Posted By: Sam, on host 24.62.248.3
Date: Monday, January 9, 2006, at 23:20:38
In Reply To: Re: Sheikh Maktoum is dead. posted by e1minsterz on Friday, January 6, 2006, at 14:32:11:

> > Did I miss something here, or are you honestly saying that you disargee that... people watch movies to be entertained? Pray continue. Why, then, do people watch movies?
>
> i believe people watch movies because they are unable to enrich thier own lives by doing things out of the ordinary and feel the need to escape the self-inflicted boredom of reality.

Someone else pointed out that this IS a form of entertainment, so you're pretty much arguing the other side of this argument.

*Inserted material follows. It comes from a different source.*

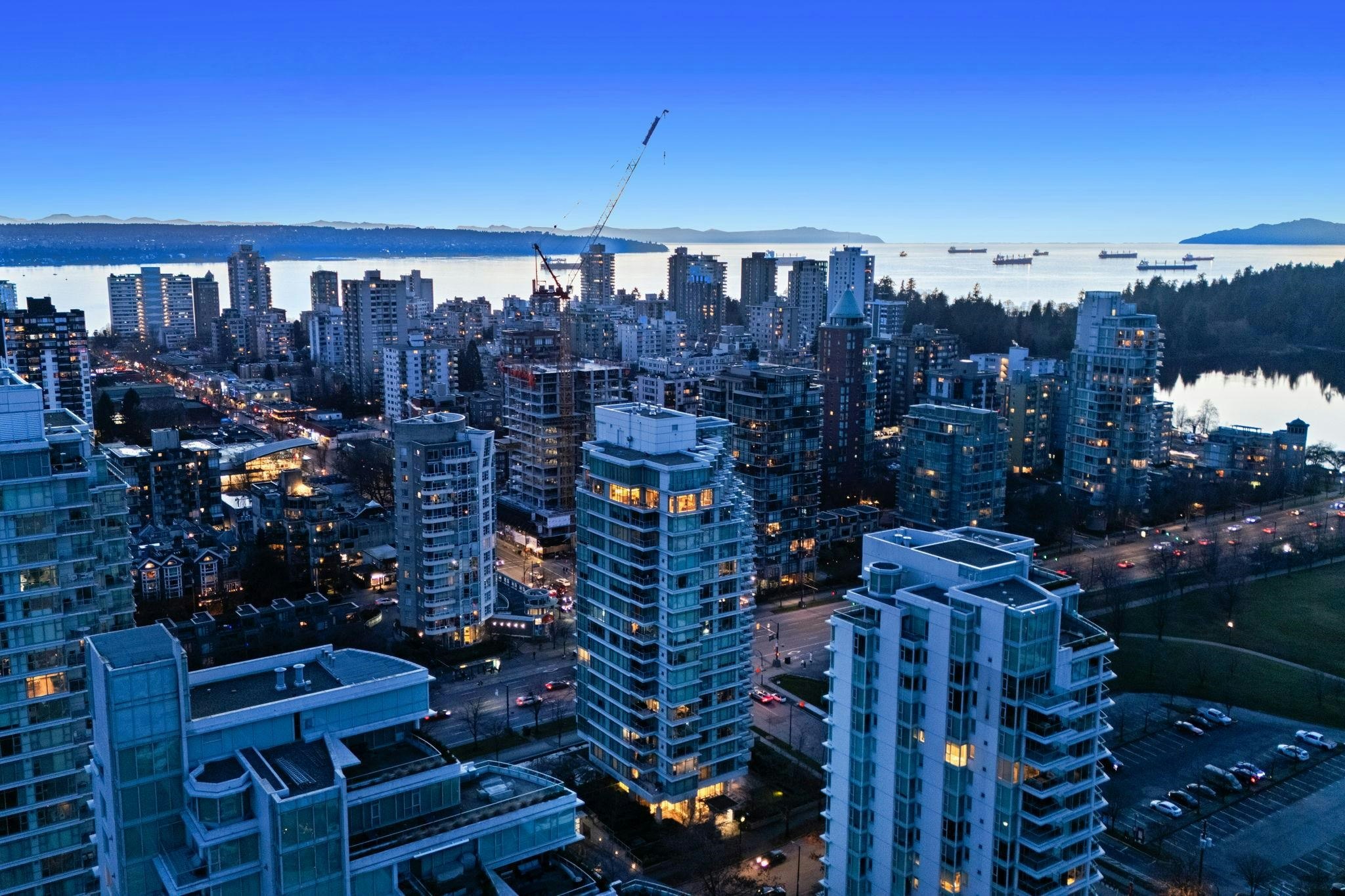 PH3-1790 Bayshore Drive, Vancouver, BC, V6G 3G5 - 20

What I *think* you're saying is that people want their entertainment to take the form of escapism, rather than some other form. Why you are arguing this, I don't know.

What I *strenuously* object to is the downright laughable idea that watching movies for the purpose of escapism and being emotionally affected by movies is somehow not only a bad thing but a pathetic thing, or, as you put it, makes us "panzies" [sic].

What you are attacking is not just movies but all of storytelling, as it has existed in form and purpose at least as long as recorded history. Stories are so much an inherent component of the human psyche that it is impossible to imagine humanity without it -- without the stories, without how they affect us, teach us, enrich us, ennoble us, and, yes, move us. Jesus (whether you believe he was who he said he was or not) taught with parables (fictional stories, even! your "simulations" of real life!) that are teaching and moving people two thousand years later.

Now, movies ain't no teachings of Christ, but they have the power of storytelling. Just to take a few recent movies, "Crash" has made people think more deeply about the stereotypes they ascribe to and teaching that racism isn't just a neat line between good and bad. "In America" offers empathy for the grieving and understanding to the rest of us who may know people with that kind of burden.

Less obviously, a lot of those popcorn flicks people seek out for "escapism" have similar if usually more subtle power. "The Island" is an action movie, but it cautions us about where technology is headed and makes you think about the sanctity of life. "Star Wars" reminds us how easy it is to be corrupted by power. "Harry Potter" and any number of other everyman hero stories teach us that evil is repelled not by great people doing great deeds but by ordinary people doing what they can.

JUST like those escapist epics of Homer and Virgil did for the Greeks and Romans a skillion years ago. Were the seekers of those stories as pathetic as you see the moviegoers of today?

I'm not saying there aren't stupid movies and stupid moviegoers out there, but to dismiss all of both with a single backhanded blow is an absurdity I almost didn't even dignify with a serious response.